Editorial: Latent Autoimmune Diabetes in Adults (LADA).

Since the discovery of insulin one hundred years ago, diabetes was seen as being characterised by hyperglycaemia but constituting different conditions. Initially that heterogeneity was defined as childhood-onset and adult-onset diabetes, then insulin dependent and non-insulin dependent. Realisation that even these distinctions do not identify all such cases lead to the definition morphing into type 1 diabetes and type 2 diabetes, in which the presence of specific diabetes-associated autoantibodies such as to glutamic acid decarboxylase (GADA) and certain histocompatibility (HLA) alleles defining the former by inclusion and the latter by exclusion (1, 2). Unfortunately, GADA is not specific for type 1, insulin-dependent, diabetes and can be identified in cases who do not require insulin treatment at diagnosis. To complicate matters further, it transpires that the commonest presentation of classic type 1 diabetes is in adult-life and, in them, the majority are not, at least initially, insulin dependent. That has led to much discussion about the nature of that disease in adults, its treatment and what it should be called, if not type 1 diabetes. In this sequence of articles on this important topic, leading authorities in the field discuss some of these key questions.

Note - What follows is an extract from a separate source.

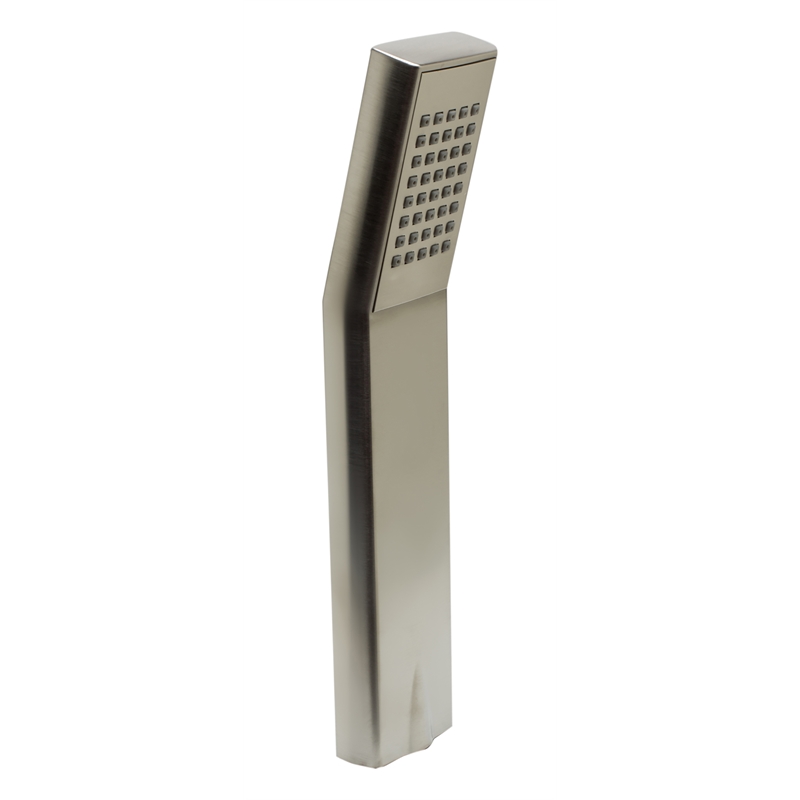 ALFI brand AB2180-BN Brushed Nickel Tub Filler Mixer w Hand Held Shower Head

Studies identified heterogeneity within type 1 diabetes including so-called endotypes characterised by the early onset of insulin autoimmunity in cases with HLA DR4 progressing to insulin-dependent diabetes under the age of 7 years (3). Another endotype, characterised by the early onset of GADA in cases with HLA DR3, progress to insulin-dependent diabetes over the age of 13 years and the latter look every similar immunogenetically to adult-onset type 1 diabetes (3, 4). It follows that GADA-positive adult-onset autoimmune diabetes is the commonest form of autoimmune diabetes. The frequency of adult-onset type 1 diabetes in higher in Europe than in South-East Asia, though GADA-positive initially non-insulin requiring diabetes is very similar in China to that to that in Europe (1, 5). Identification of these autoimmune diabetes-associated endotypes has brough some clarity to the confusing nosology which sought to identify adult-onset autoimmune non-insulin dependent diabetes as distinct from classic autoimmune insulin dependent type 1 diabetes. Latent autoimmune diabetes of adults (LADA), slowly progressive insulin dependent diabetes (SPIDDM), slow-onset autoimmune diabetes (SAID), Type 1.5 diabetes and double diabetes are all terms aiming to capture the same disease entity whilst distinguishing the disease from classic type 1 diabetes (1). Whether you see autoimmune diabetes that presents as insulin-dependent, and therefore classic type 1 diabetes, as distinct from a more slowly-progressive form presenting as non-insulin dependent diabetes such as LADA, is academic. Either way the question is why does it differ and what should we do about it?

Hernandez et al. studied a relatively small group of LADA cases and found that major HLA genes associated with type 1 diabetes, that is DRB1*03 and disease-protective HLA alleles, were of similar frequency in LADA and classic adult-onset type 1 diabetes as distinct from type 2 diabetes (6). As predicted from the endotype data, DRB1*04 was less frequent in LADA than type diabetes in line with LADA being a form of late-onset type 1 diabetes (3). Given the widespread use of GADA as a biomarker of LADA in adult-onset diabetes, it is important to recognise that the assay for GADA is not 100% specific and therefore that specificity needs to be increased or other biomarkers are required to make the diagnosis (4, 7). One such is the presence of autoantibodies to insulinoma antigen-2 (IA-2A) which are directed against a fragment of the molecule (IA-2 (256–760) containing both intracellular and extracellular epitopes (4). Tiberti et al. show that it the intracellular domains, which define a cohort with IA-2A and the phenotype of typical LADA and classic type 1 diabetes, namely reduced features of metabolic syndrome (obesity, high triglycerides, low HDL, hypertension) with increased other autoimmune disorders (8, 9). Pan et al. describe the association of LADA with Metabolic Syndrome in detail. While Tian et al. analysed the fatty acid profiles in detail of a mixed cohort of LADA cases and other major formed of diabetes. They found that poly-unsaturated fatty acids were associated with insulin sensitivity and beta cell function, but the associations were insufficient to differentiate the different current categories of diabetes i.e. LADA, type 1 and type 2 diabetes.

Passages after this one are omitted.